What are the symptoms?
Most of the time they hurt in the front of the thighs (the upper part of your legs), in the calves (the back part of your legs below your knees), or behind the knees. Usually, both legs hurt.  Growing pains often start to ache right before bedtime. Sometimes a child can go to bed without any pain, but then might wake up in the middle of the night with their legs hurting. The best news about growing pains is that they go away by morning. MayoClinic reports that some children may also experience abdominal pain or headache during episodes of growing pains. Dr. Greene cautions that if the growing pains occur during the day, or there is limping, redness or any other complaints, you should see your pediatrician.

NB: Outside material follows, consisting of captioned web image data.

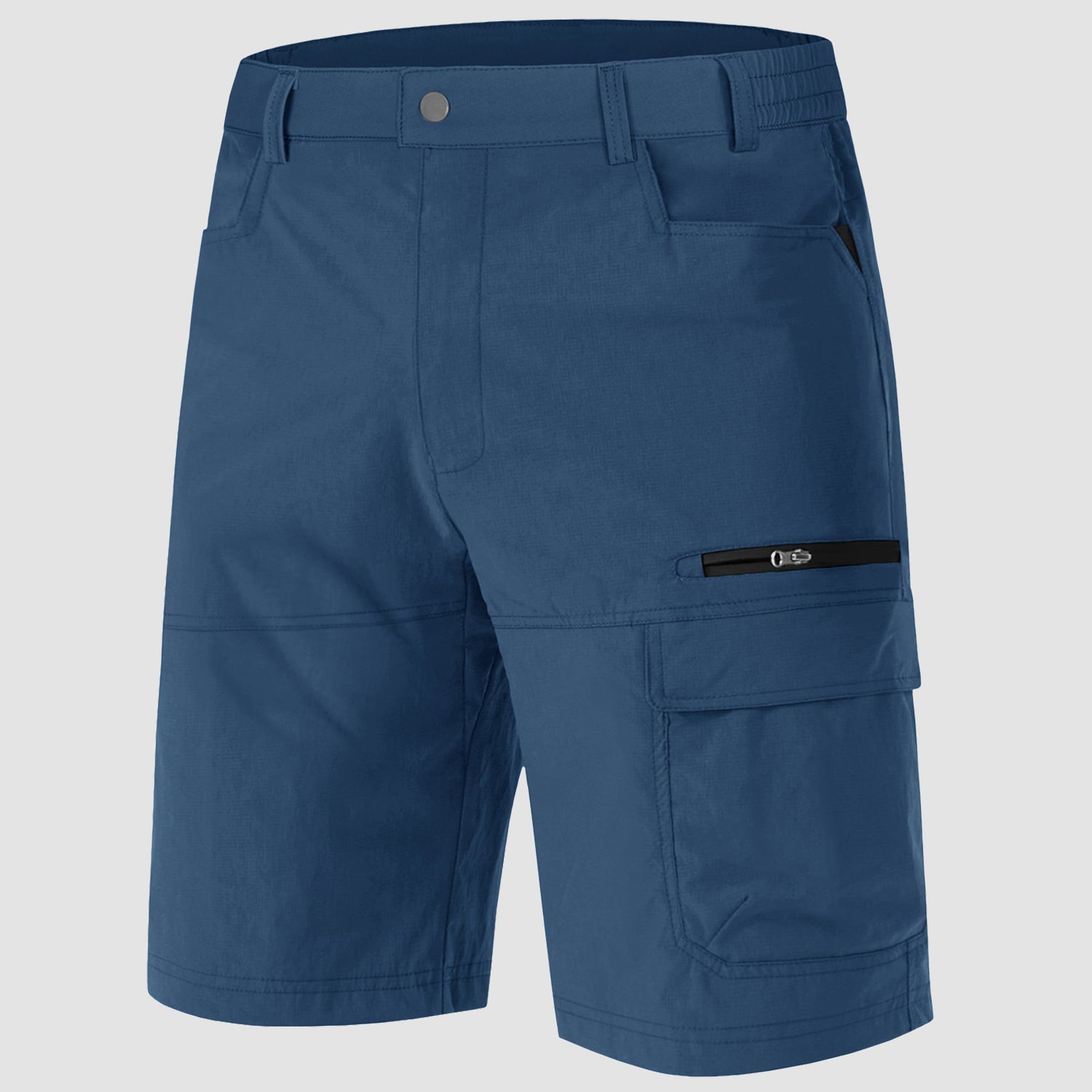 Men’s Knee-Length Cargo Shorts with Elastic Side Panels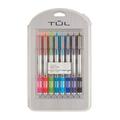 TUL Retractable Gel Pens Bullet Point 0.5 mm Gray Barrel Assorted Bright Ink Colors Pack Of 8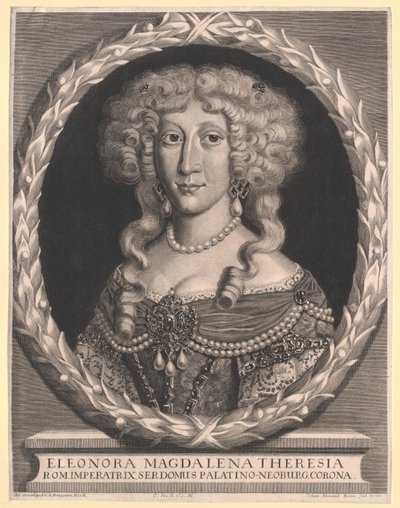 Prinsesse av slottet Eleonora Magdalena Theresia av Artist Unknown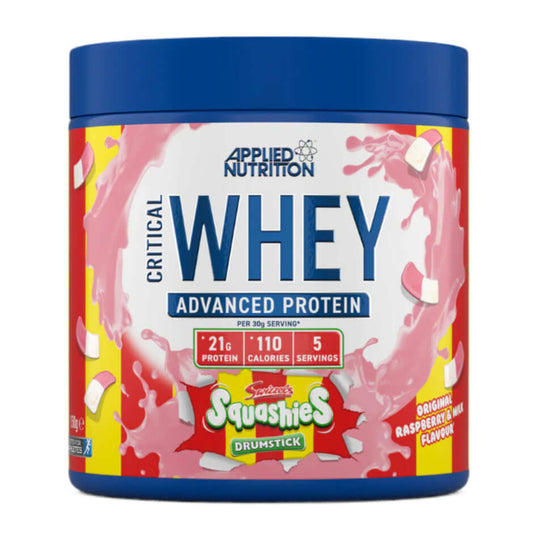 Applied Nutrition Critical Whey 150g Sample Tub Drumstick Squashies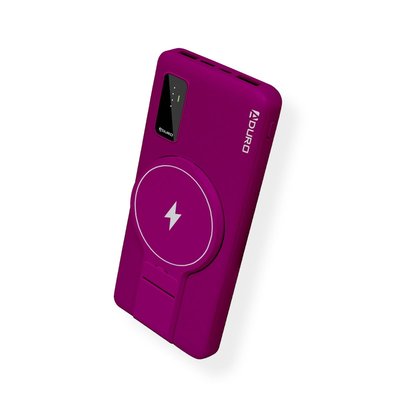 Wireless Charging Battery & Stand - Plum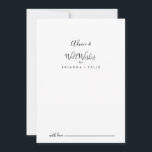 Enkelt minimalistiskt Bröllop well Önskemål Rådkort<br><div class="desc">Detta enkla, minimalistiskt rådskort från bröllop väl önskemål är perfekt för ett modernt bröllop. Den enkla och elegant designen har skript av typen klassisk och finare i svartvitt. De här korten är perfekter för bröllop, möhippa, babydusch, studentfest och mycket mer. Anpassa korten med namn från bruden och brudgummen, blivande föräldrar...</div>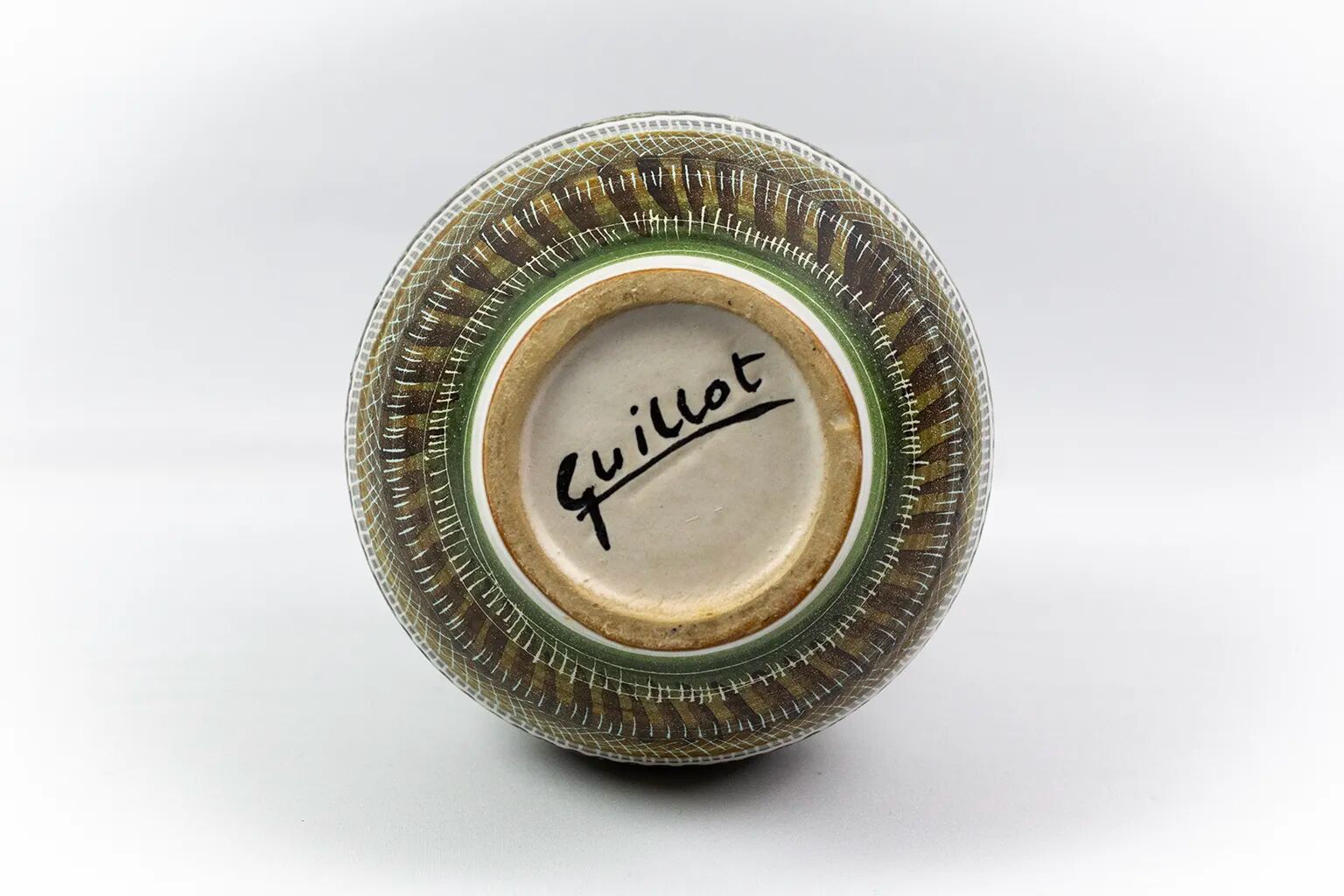 Handled ceramic vase glazed by Marcel Guillot – 1950s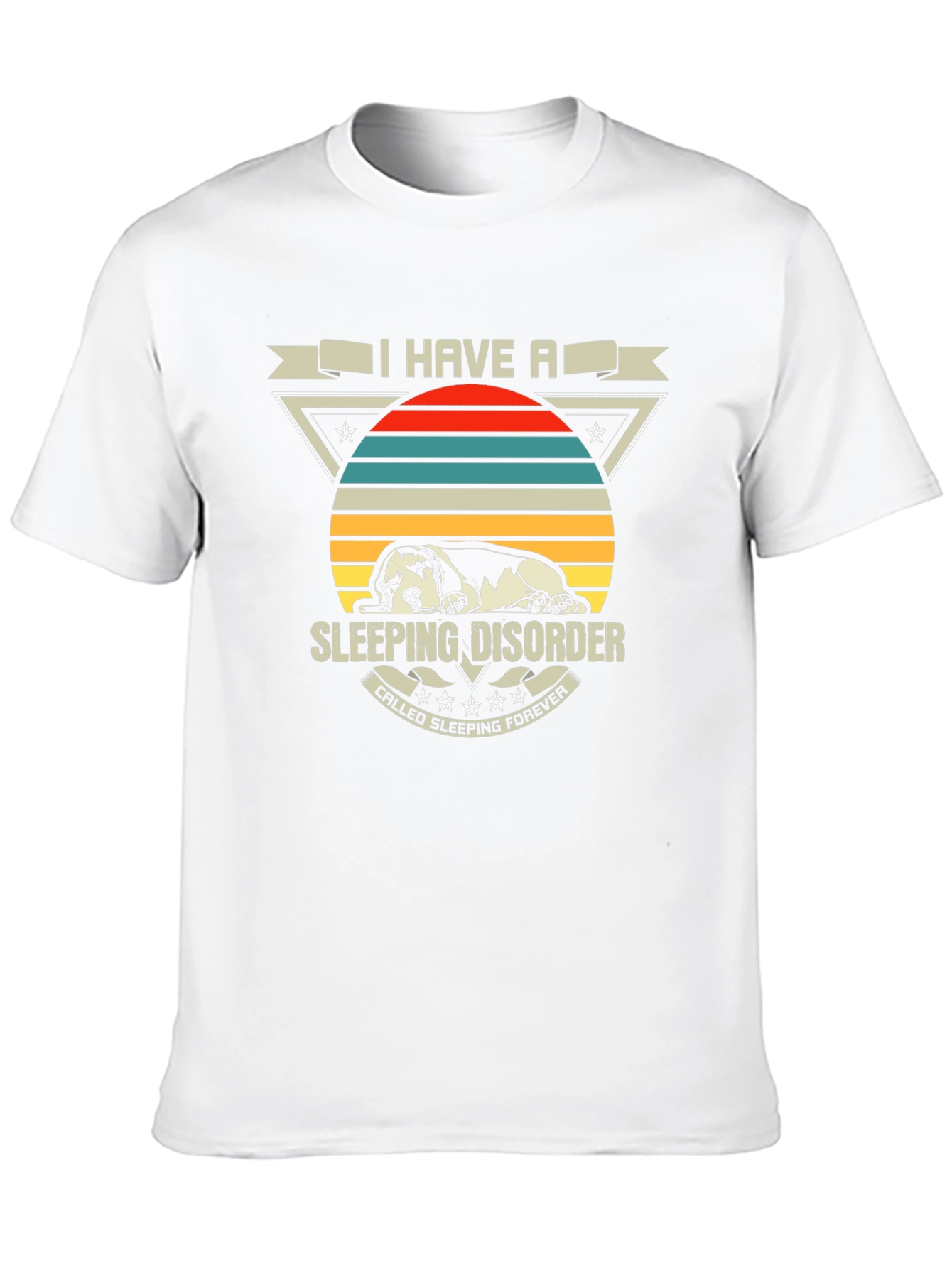 Sleeping Disorder Dog Graphic T-Shirt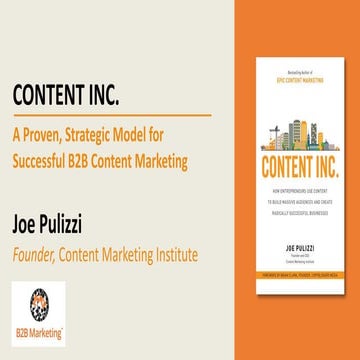 Content Marketing for B2B - A Proven Strategic Six-Step Approach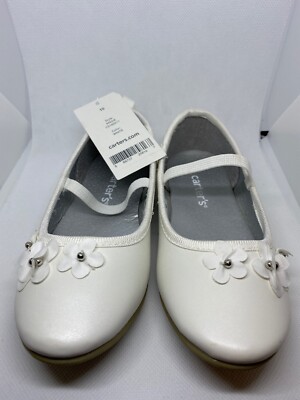 Carter's Girls Angie K- Sz 10 M US Toddler, White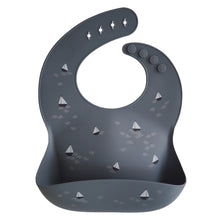 Load image into Gallery viewer, Silicone Baby Bib - Boats
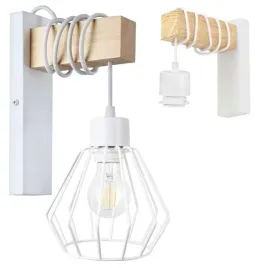 lampa-kinkiet-scienny-drewniany-led-zwis-na-kablu-klosz-1xe27-loft-bialy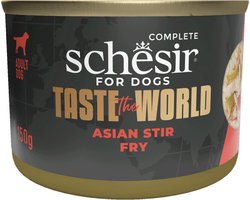 8x Schesir Taste The World Hond Asian Stir Fry 150 gr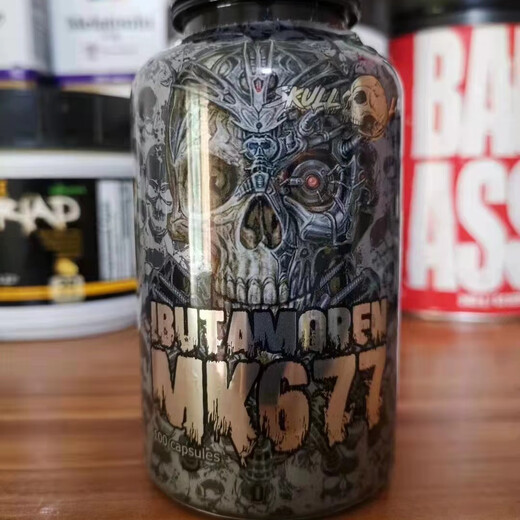 美国骷颅实验室MK677增肌增力量萨姆斯前体促生长素健身100粒/瓶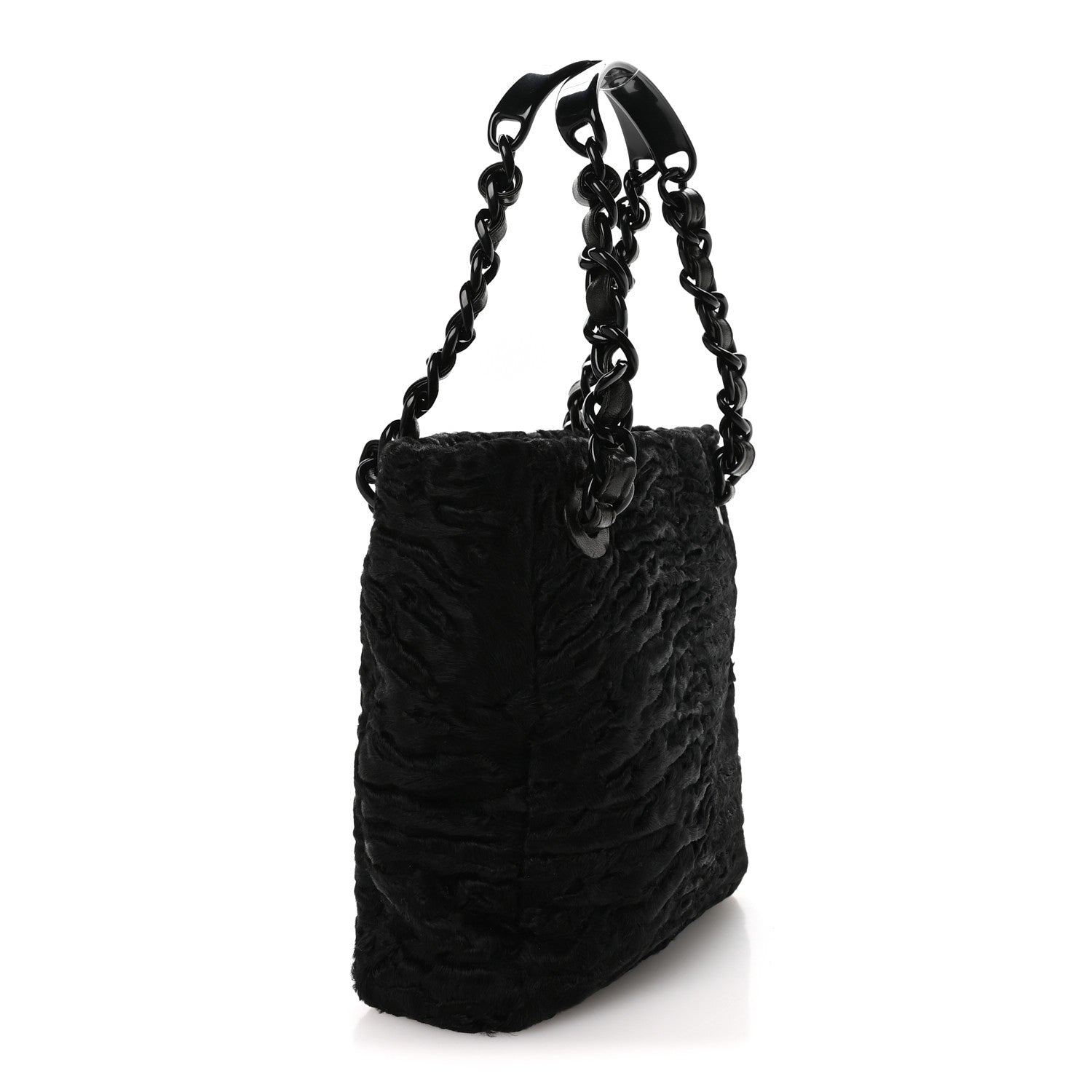 Chanel Persian Lamb Fur Tote Black 1861901 – FASHIONPHILE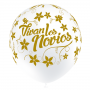 Juego de 8 Globos Blancos Vivan los Novios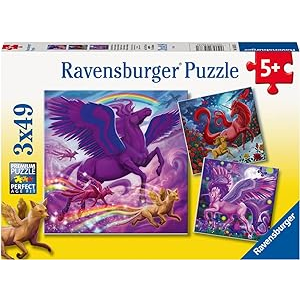 Ravensburger - 3x49 Piece - Mythical Majesty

What causes growing pains?
Kidshealth reports that
growing pains don’t hurt around the bones or joints (the flexible parts that connect bones and let them move) — only in the muscles. For this reason, some doctors believe that kids might get growing pains because they’ve tired out their muscles. When you run, climb, or jump a lot during the day, you might have aches and pains in your legs at night. Dr. Greene says the muscles or tendons are still a little too tight for the growing long bones. Muscle spasms lasting from 1 to 15 minutes cause the pain. Many of these children are unable to touch their toes with their fingertips without bending their knees.

How can you help with the pain?
suggests an over-the-counter pain medicine like acetaminophen or ibuprofen. Kids should not take aspirin because it can cause a rare but serious illness called Reye syndrome.

There are three other things that might help you feel better:

  1. placing a heating pad on the spot where their legs hurt
  2. stretching their legs or having the child stretch like you do in a gym class
  3. massage their legs

Dr. Greene suggests that during a pain episode, stretching the foot and toes upward will often resolve the muscle spasm. Gentle massage and moist heat over the painful spot can also help. In most cases the pain can be prevented with simple, daily stretching exercises. These exercises must be continued even after the pain subsides in order to keep the muscles and tendons relaxed and able to accommodate the next growth spurt. Some physicians recommend giving a glass of tonic water before bed. Though he has never seen any studies evaluating this suggestion, he does say that plenty of fluids should make cramping less likely.